Let me people learn about this holiday
It sounds like you are well on your way to a new tradition. My daughter gave a holiday party this year. I am 100 miles away so I couldn't go, but her invitation said it was a christmahanukwanzakah celebration. She wanted to include everybody that's just how us Fundamentalist Atheists are.
Beautiful, mimetalker. I hope Kwanzaa never becomes as commercial as Christmas has. Happy New Year to you and your family!
All family traditions are important and create warm memories for children. They don't need to be Christmas, they just have to be full of love.

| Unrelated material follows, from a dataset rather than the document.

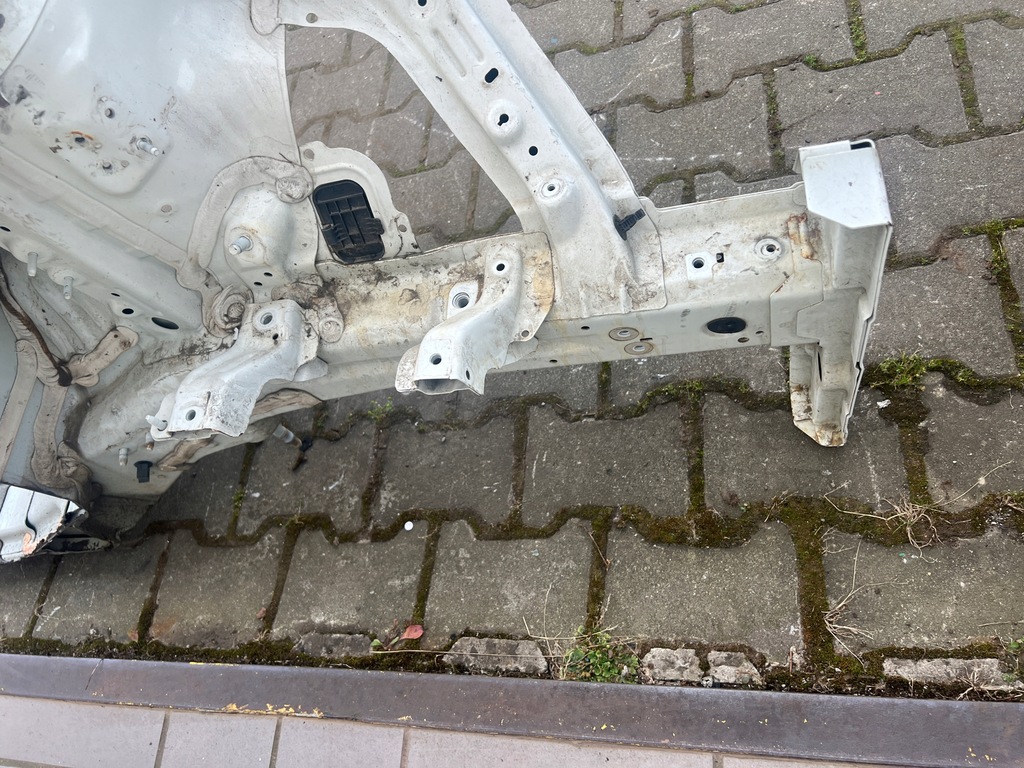 фото №4, Kia stonic 17- лонжерон чверть ліва перед передня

Kwanzaa is said to be fabricated, but it incorporates seven very meaningful principles that we should all celebrate. Seeing the memories your family has already accumulated, it is clearly a truly magical time for those who celebrate it. Kwanzaa is one more celebration to enrich the season for us all.
You saw the true spirit of Christmas, Mime; and the rose, by any other name. . .

Happy new traditions, based on the old to you and your family.